Op 28 februari 2022 heeft het EU Platform on Sustainable Finance (PSF) haar eindrapport gepubliceerd over de uitbreiding van de Taxonomieverordening met een sociale taxonomie. Op 28 februari 2022 is het eindrapport door een aantal auteurs toegelicht tijdens een webinar. Voordat de sociale taxonomie een feit is, moet er nog veel gebeuren. Bedrijven en aanbieders van duurzame beleggingsproducten kunnen zich nu al voorbereiden.
Dit artikel beantwoordt de volgende vragen:
- Wat is het doel van de sociale taxonomie?
- Hoe ziet de voorgestelde structuur voor de sociale taxonomie eruit (wat zijn de sociale doelstellingen, typen substantiële bijdragen, DNSH criteria en minimale waarborgen)?
- Wat zijn de verschillen tussen de sociale en groene taxonomie?
- Wat zijn de volgende stappen?
- Wat kunnen bedrijven en aanbieders van duurzame beleggingsproducten nu al doen?
Wat is het doel van de sociale taxonomie?
Het doel van de sociale taxonomie is duidelijker te definiëren wat wel en niet een sociale investering is en welke economische activiteiten substantieel bijdragen aan het bereiken van sociale doelstellingen.
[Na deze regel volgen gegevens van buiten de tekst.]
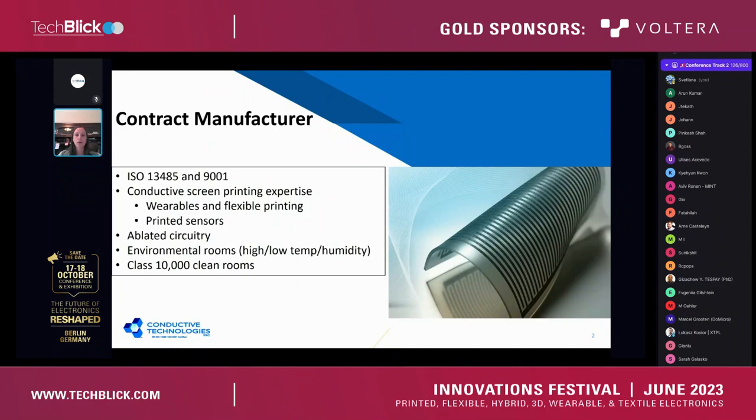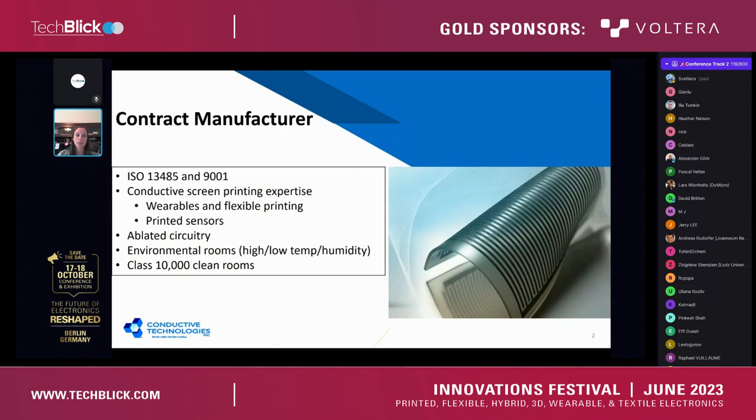One thing that's nice about our manufacturing facility is that if you have certain requirements around manufacturing cleanliness, we have a Class 10,000 modular clean room. We also have other manufacturing space offering high and low humidity as well as high and low temperature control, depending on any chemistries being deposited onto the sensor itself, or if there is a membrane that is sensitive to humidity.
Aanbieders van lichtgroene (SFDR, artikel 8 / Taxonomieverordening, artikel 6) en donkergroene (SFDR, artikel 9 / Taxonomieverordening, artikel 5) beleggingsproducten kunnen op basis hiervan de mate waarin investeringen in lijn zijn met de sociale taxonomie rapporteren. Net als de groene taxonomie is de sociale taxonomie een hulpmiddel voor beleggers bij het kiezen van duurzame beleggingen.
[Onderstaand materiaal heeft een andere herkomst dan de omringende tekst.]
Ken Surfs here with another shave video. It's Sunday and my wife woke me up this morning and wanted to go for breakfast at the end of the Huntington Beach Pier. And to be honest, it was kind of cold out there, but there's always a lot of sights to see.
Hoe ziet de voorgestelde structuur voor de sociale taxonomie eruit?
Naar aanleiding van feedback op het conceptrapport uit juli 2021, waaronder toegenomen administratieve lasten voor bedrijven, heeft het PSF de structuur van de voorgestelde sociale taxonomie beter afgestemd op de bestaande groene taxonomie. Daarnaast heeft het PSF een structuur met een verticale dimensie (producten & diensten voor basisbehoeften) en een horizontale dimensie (respecteren van mensenrechten) losgelaten vanwege de complexiteit.
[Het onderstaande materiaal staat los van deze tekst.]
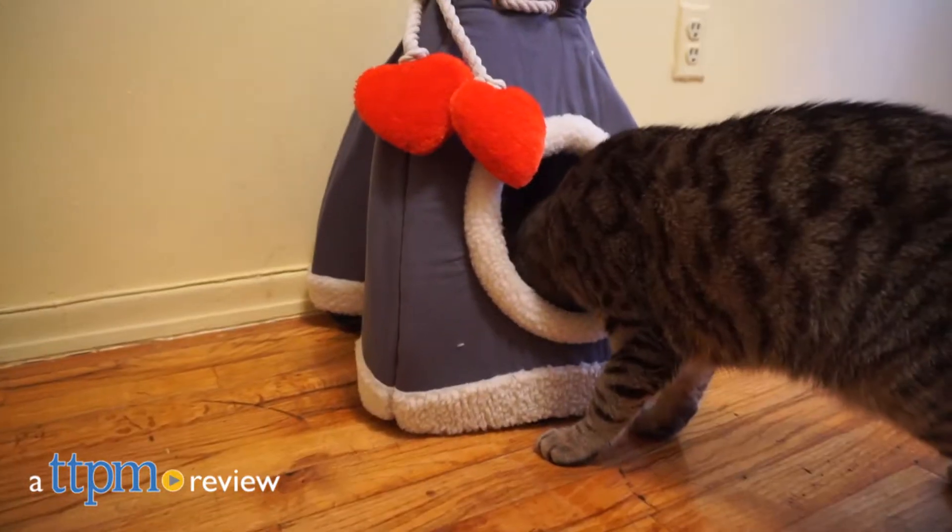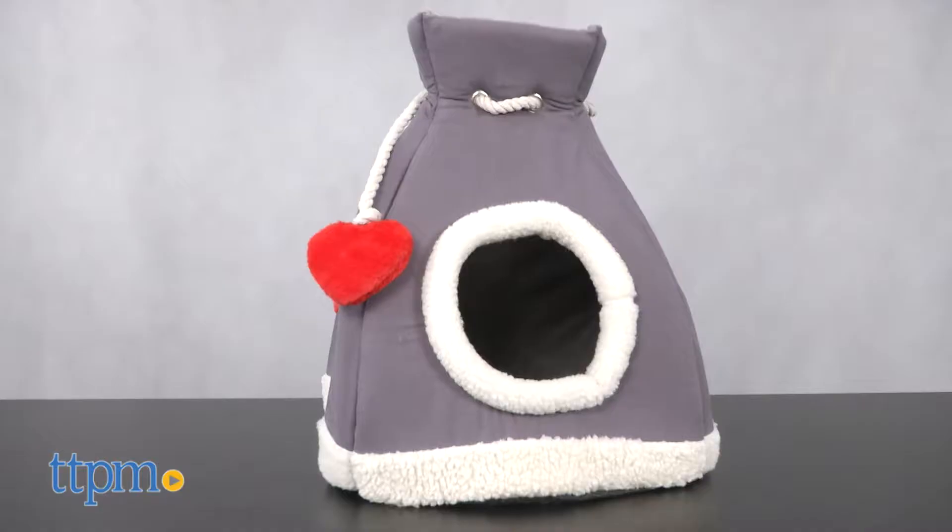Catch some Z's in this comfy cove by Pet Pals. Hi everyone, I'm Yvette from TTPM and this is the Gray Cove by Pet Pals.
De voorgestelde structuur bevat:
- Sociale doelstellingen;
- Verschillende typen substantiële bijdragen;
- Criteria voor “geen significante schade aanrichten” (do no significant harm, DNSH);
- Minimale waarborgen
1. Wat zijn de sociale doelstellingen?
Er zijn 3 sociale doelstellingen met subdoelstellingen:
- Fatsoenlijk werk inclusief werknemers in de waardeketen van bedrijven.
- Subdoelstellingen: leefbaar loon, gezondheid en veiligheid, permanente educatie;
- Adequate levensstandaard en welzijn voor ‘eindgebruikers’ van producten en diensten.
- Subdoelstellingen: gezondheidszorg, sociale woningbouw, langdurige zorg, educatie;
- Inclusieve en duurzame gemeenschappen en samenlevingen.
- Subdoelstellingen: toegang tot basis infrastructuur (openbaar vervoer, elektriciteit, water, telecommunicatie, financiële diensten, kinderopvang), inclusie van mensen met een handicap.
2. Welke typen substantiële bijdragen zijn er?
Voor elke doelstelling zijn er 2 typen substantiële bijdragen:
- Voorkomen en adresseren van de negatieve impact. Het gaat hier om activiteiten in sectoren met grote sociale risico’s, zoals sectoren die door de energietransitie worden geraakt en sectoren waar werknemers worden onderbetaald. Bijscholing respectievelijk een leefbaar loon kunnen hier soelaas bieden.
- Vergroten van de positieve impact. Het gaat hier bijvoorbeeld om activiteiten die de toegang tot basisbehoeften (huisvesting, water, voedsel, gezondheidszorg, onderwijs) vergroten.
3. Wat zijn de DNSH criteria?
Net als bij de groene taxonomie waar een bijdrage aan een milieudoelstelling geen schade mag berokkenen aan andere milieudoelstellingen (do no significant harm, DNSH), mag een bijdrage aan een sociale doelstelling geen schade berokkenen aan andere sociale doelstellingen. Zo mag bijvoorbeeld sociale woningbouw niet gepaard gaan met bouwvakkers die worden onderbetaald en werken in een onveilige werkomgeving.
4. Wat zijn de minimale waarborgen?
Wat betreft minimale waarborgen is het PSF door de Europese Commissie gevraagd afzonderlijk te adviseren over hoe artikel 18 van de Taxonomieverordening in de praktijk werkt. Artikel 18 vereist dat bedrijven die ecologisch duurzame economische activiteiten uitoefenen, internationale arbeidsnormen en mensenrechten naleven (UN Guiding Principles on Business and Human Rights en OECD Guidelines on Multinationals). Het PSF gaat hierover een apart rapport publiceren, maar heeft nog niet gezegd wanneer.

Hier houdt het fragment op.